- WORK TASK: Leaving out all pictures, write down exactly the lines from the one containing "Used 2021 Jeep" through the last line of the material.

- MATERIAL PROVIDED:
Start of Block
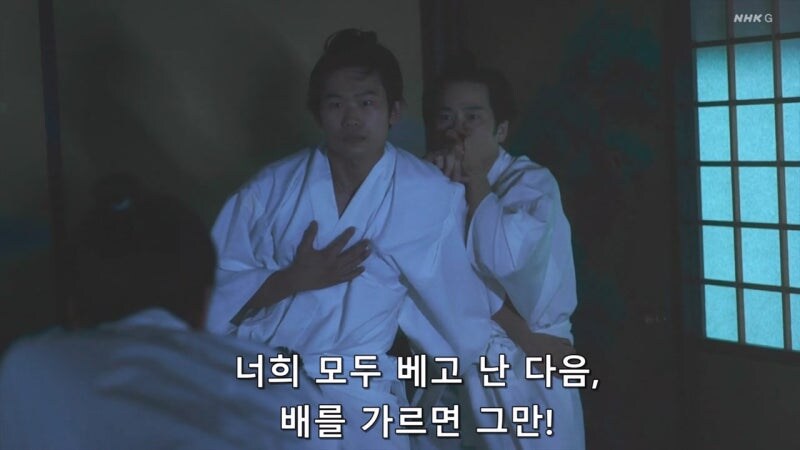 "여기에는 여자가 없으니까, 남자를 범하는거라고"_24.jpg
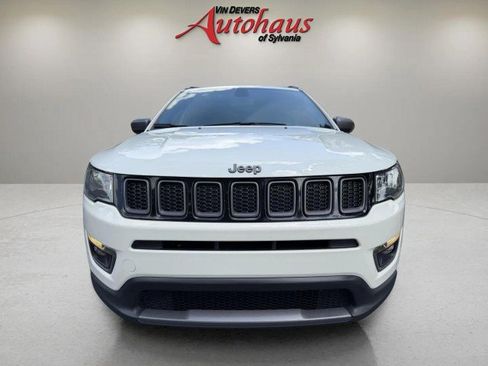 Used 2021 Jeep Compass Latitude AWD/4WD image 2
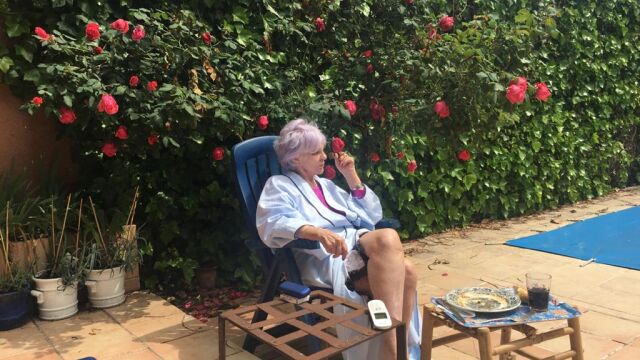 La escritora Tina Díaz asegura que nunca podrá agradecer toda la libertad que ha tenido desde pequeña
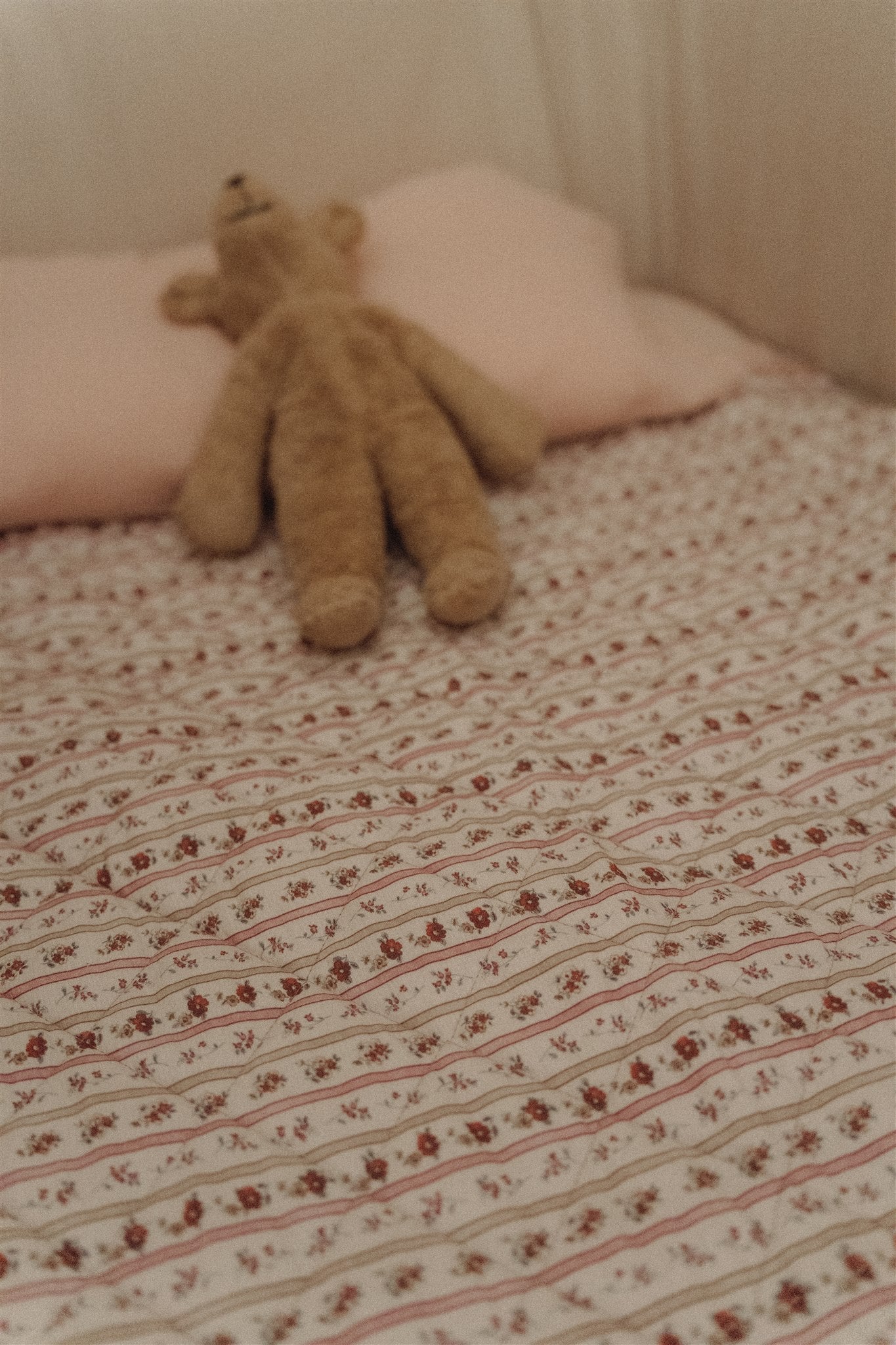 Wander Blanket Red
End of Block
- TASK RESULT:
 Used 2021 Jeep Compass Latitude AWD/4WD image 2
 La escritora Tina Díaz asegura que nunca podrá agradecer toda la libertad que ha tenido desde pequeña
 Wander Blanket Red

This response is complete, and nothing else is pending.